Двадцать шестого декабря 1476 года тридцатидвухлетний герцог отправился в миланскую церковь Санто-Стефано. Однако на ступенях церкви его встретили трое, одетые в белое и красное – цвета Брута, но по иронии также цвета самого Галеаццо Марии, который законодательно запретил надевать их без своего личного разрешения[710]. Впрочем, в следующий миг эти трое нарушили закон куда серьезнее – бросились на герцога с кинжалами и нанесли ему четырнадцать ран. На убийство их толкнула не только месть за своих женщин, но и республиканские речи Колы Монтано, наставника-гуманиста и одного из первых итальянских печатников. Философская ненависть Монтано к самовластью герцога была подкреплена личной обидой из-за нескольких тюремных заключений и унизительной публичной порки. Монтано перебрался из Милана в Болонью в 1475 году, но прежде успел внушить ненависть к тирану нескольким самым ярым своим последователям и устроил так, чтобы кондотьер Бартоломео Коллеони дал им уроки обращения с кинжалами, во время которых все трое юношей атаковали деревянную модель герцога. Им удалось достичь своей цели, но триумф их был недолог. Заговорщиков вскоре настигли и убили приспешники Сфорца, их трупы проволокли по улицам, насадили на пики и выставили на колокольне, с которой они следующие два десятилетия мрачно взирали на город.

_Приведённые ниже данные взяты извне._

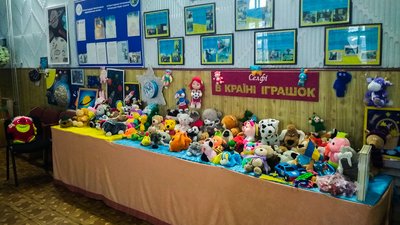 Можна подарувати чи обміняти. У Кропивницькому діє виставка іграшок Можна подарувати чи обміняти. У Кропивницькому діє виставка іграшок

Лишившись друга и защитника, Лоренцо Медичи внезапно приобрел нового и очень опасного врага. Сыну Галеаццо Марии, Джану Галеаццо, было всего семь лет, и вопрос, кто будет править Миланом, создал напряжение далеко за границами герцогства. Флоренция и Венеция объединились против папы и короля Ферранте, и неизвестно было, чью сторону примет теперь Милан.

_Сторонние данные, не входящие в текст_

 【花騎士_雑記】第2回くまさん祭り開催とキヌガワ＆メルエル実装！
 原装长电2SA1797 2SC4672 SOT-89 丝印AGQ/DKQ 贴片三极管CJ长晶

Все зависело от того, кто будет защищать и воспитывать малолетнего герцога. Федерико да Монтефельтро вызвался на эту роль, утверждая, что заботится «лишь о благе и чести герцогства»[711]. Вполне естественно было назначить его регентом, поскольку десятью годами раньше, после смерти в 1466-м Франческо Сфорца, вдова покойного вызвала Федерико в Милан, дабы тот помог прийти к власти Галеаццо Марии, приходившемуся двоюродным братом возлюбленной жене герцога Баттисте. Однако Федерико не суждено было повторить это дважды. Хотя папа и неаполитанский король Ферранте поддержали это решение, Лоренцо воспротивился ему, опасаясь, что Федерико посягнет на влияние и интересы Медичи в Милане. Федерико, узнав об этом, пришел в ярость и мрачно заметил, что Лоренцо летит головой «в бездну»[712].

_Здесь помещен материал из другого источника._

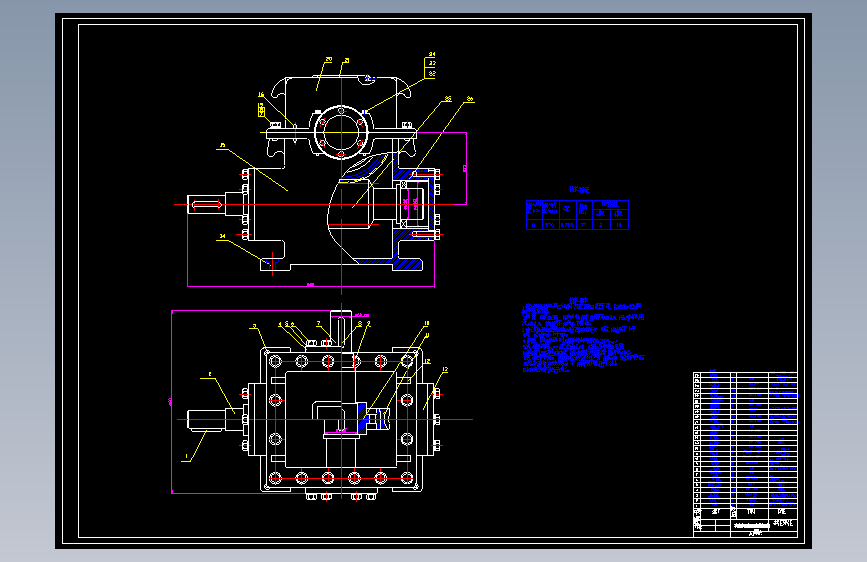 单级蜗轮蜗杆减速器设计含CAD图纸+说明书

Несмотря на ссору между Лоренцо Медичи и Федерико да Монтефельтро, Веспасиано продолжал готовить манускрипты для урбинской библиотеки. Она занимала нижний этаж северного крыла в новом дворце. Сводчатый зал был убран коврами и украшен бронзовой кафедрой. Манускрипты на столах лежали сообразно темам: география, история и поэзия слева от входа, богословие, юриспруденция и философия – справа. Собрание включало не только древнегреческих и латинских авторов (а также тома на древнееврейском, захваченные в Вольтерре), но и более современные сочинения Петрарки, Поджо Браччолини и Леонардо Бруни. Все они были в красных переплетах с серебряными накладками – «дивно украшенные», как выразился придворный поэт и художник Федерико, Джованни Санти. Почетным гостям разрешали полюбоваться собранием книг. «Я видел, как мужи с тончайшим вкусом пред ними замирали в изумленье», – писал Санти[713]. Впрочем, библиотекари Федерико следовали строгому указанию не подпускать к книгам inepti et ignoranti, immundi et stomacosi – глупых и невежественных, грязных и отвратительных[714].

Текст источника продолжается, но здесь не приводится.